* Directions
Exact copy, pictures excluded: please retype the lines from the start of the material through the line containing "Enjoy these notable", both ends included, and nothing more.

* Data records
=== Section Start ===

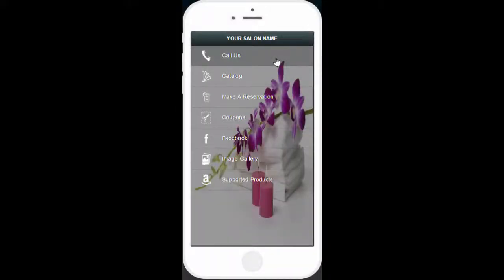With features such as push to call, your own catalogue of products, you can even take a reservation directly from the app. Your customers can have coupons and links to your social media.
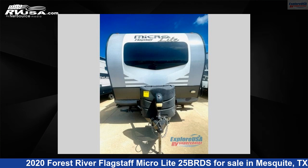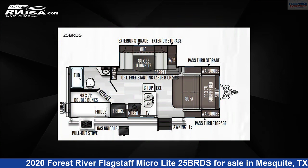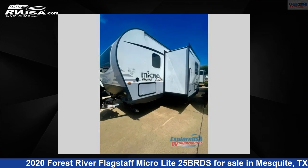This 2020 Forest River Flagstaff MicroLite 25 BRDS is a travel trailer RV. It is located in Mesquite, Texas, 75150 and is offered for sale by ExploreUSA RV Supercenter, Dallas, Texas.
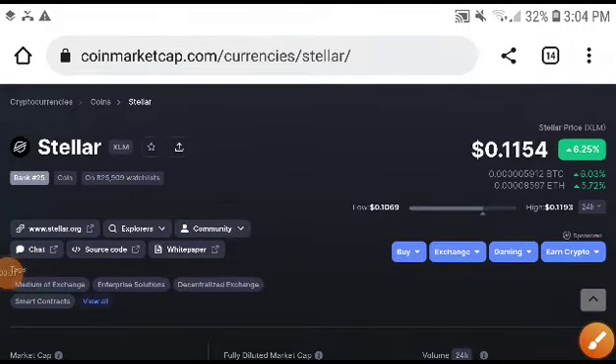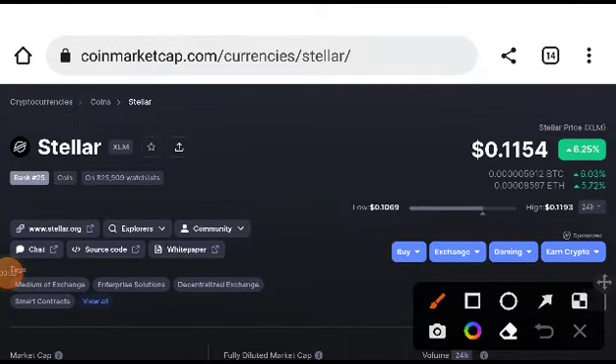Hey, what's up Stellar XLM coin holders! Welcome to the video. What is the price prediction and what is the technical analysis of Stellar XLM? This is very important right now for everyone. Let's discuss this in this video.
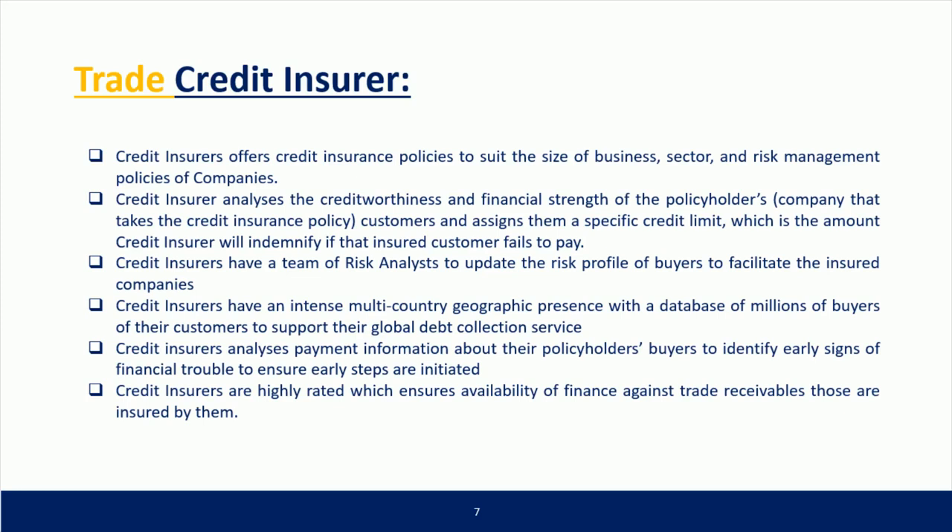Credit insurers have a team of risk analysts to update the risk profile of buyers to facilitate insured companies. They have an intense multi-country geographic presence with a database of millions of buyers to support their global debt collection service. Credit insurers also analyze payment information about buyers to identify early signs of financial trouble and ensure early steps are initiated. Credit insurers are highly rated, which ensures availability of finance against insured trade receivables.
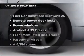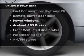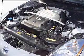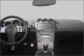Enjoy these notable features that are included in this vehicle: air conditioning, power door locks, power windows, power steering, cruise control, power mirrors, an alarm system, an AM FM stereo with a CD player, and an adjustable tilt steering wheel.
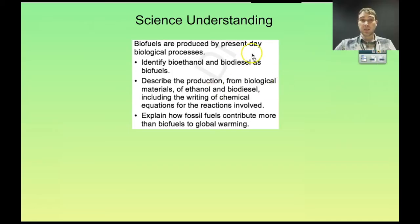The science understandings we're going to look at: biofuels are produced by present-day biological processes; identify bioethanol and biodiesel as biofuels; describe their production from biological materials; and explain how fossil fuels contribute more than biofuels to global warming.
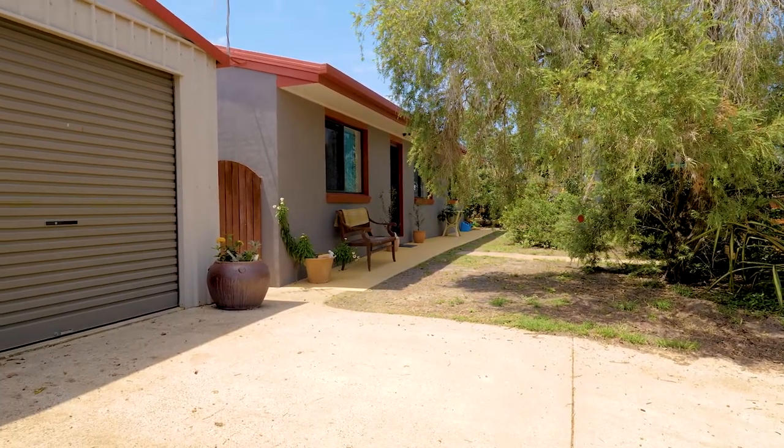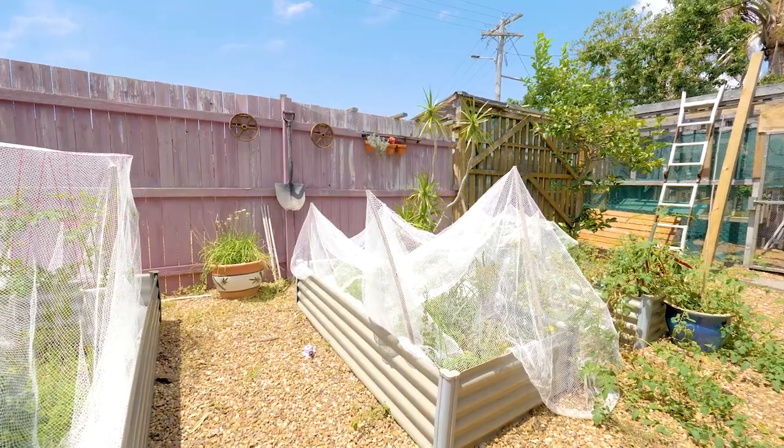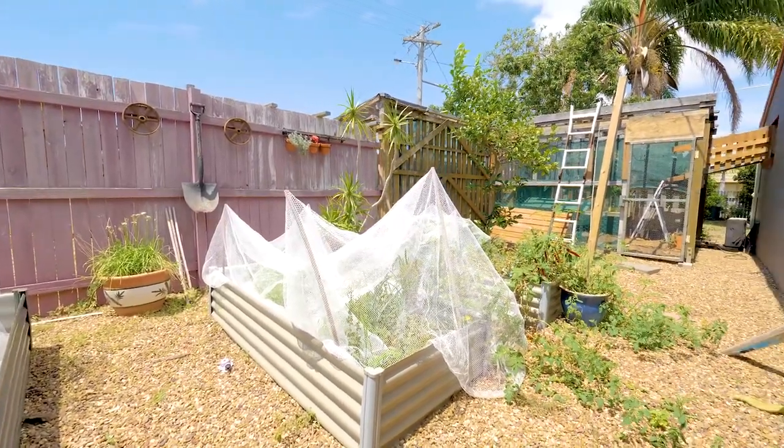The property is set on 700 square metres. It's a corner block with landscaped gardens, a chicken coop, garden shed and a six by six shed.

=== Section End ===

* Expected answer
With features such as push to call, your own catalogue of products, you can even take a reservation directly from the app. Your customers can have coupons and links to your social media.
This 2020 Forest River Flagstaff MicroLite 25 BRDS is a travel trailer RV. It is located in Mesquite, Texas, 75150 and is offered for sale by ExploreUSA RV Supercenter, Dallas, Texas.
Hey, what's up Stellar XLM coin holders! Welcome to the video. What is the price prediction and what is the technical analysis of Stellar XLM? This is very important right now for everyone. Let's discuss this in this video.
Credit insurers have a team of risk analysts to update the risk profile of buyers to facilitate insured companies. They have an intense multi-country geographic presence with a database of millions of buyers to support their global debt collection service. Credit insurers also analyze payment information about buyers to identify early signs of financial trouble and ensure early steps are initiated. Credit insurers are highly rated, which ensures availability of finance against insured trade receivables.
Enjoy these notable features that are included in this vehicle: air conditioning, power door locks, power windows, power steering, cruise control, power mirrors, an alarm system, an AM FM stereo with a CD player, and an adjustable tilt steering wheel.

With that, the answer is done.